Butler says he developed a medical problem on the hunt and had to go home early without taking an ibex. However, he gives the whole experience high marks. In a phone interview, he called his hunt in the Red Sea Hills of northern Sudan exotic and interesting. Camel caravans, encounters with nomads and stops several times a day for Muslim prayers made this a very different experience from anything he had found in southern Africa, he said, going on to note that the trip was more like a sheep hunt than a standard African hunt, as the hunt area was composed of rugged desert mountains. The hunting was at elevations between 6,000 and 7,000 feet.
Because the Sudanese army has shot so many Nubian ibex for meat, Butler said the animals are found nowadays only at the higher altitudes, and even there they are exceedingly wary.
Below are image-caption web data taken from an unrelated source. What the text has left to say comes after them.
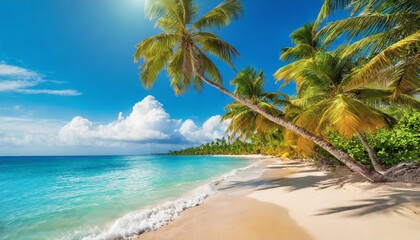 sunny tropical caribbean beach with palm trees and turquoise water caribbean island vacation hot summer day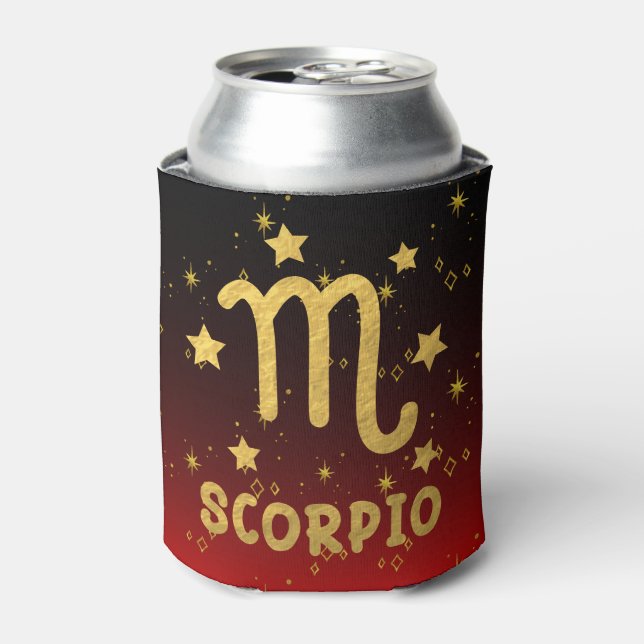 Scorpio Zodiac Red and Gold Can Cooler (Can Front)
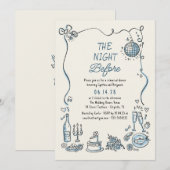 Met de Hand Getekende Funky Whimsical Retro Proefd Kaart (Voorkant / Achterkant)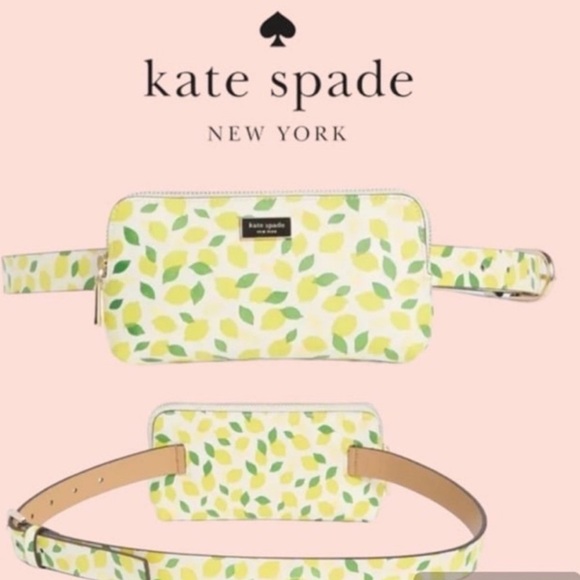 Kate Spade Top Zip Leather Belt Bag Lemons Trendy Large Xlarge XL Chic Luxe Cute - Picture 10 of 10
Butler said Dacey had trackers drive ibex toward him, but the animals had an uncanny ability to stay out of shooting range. Bottom line is, he never even saw an ibex before he had to leave the hunt early. However, he said a Russian client before him succeeded in taking one. He feels certain that he would have taken one as well had he not cut his hunt short.
As for overall conditions in Sudan, Butler said he had no problems. No one expressed any anti-American feelings toward him, he said. Gun import was a breeze. His agent for the trip Beverly Wunderlich of J & B Adventures Safaris.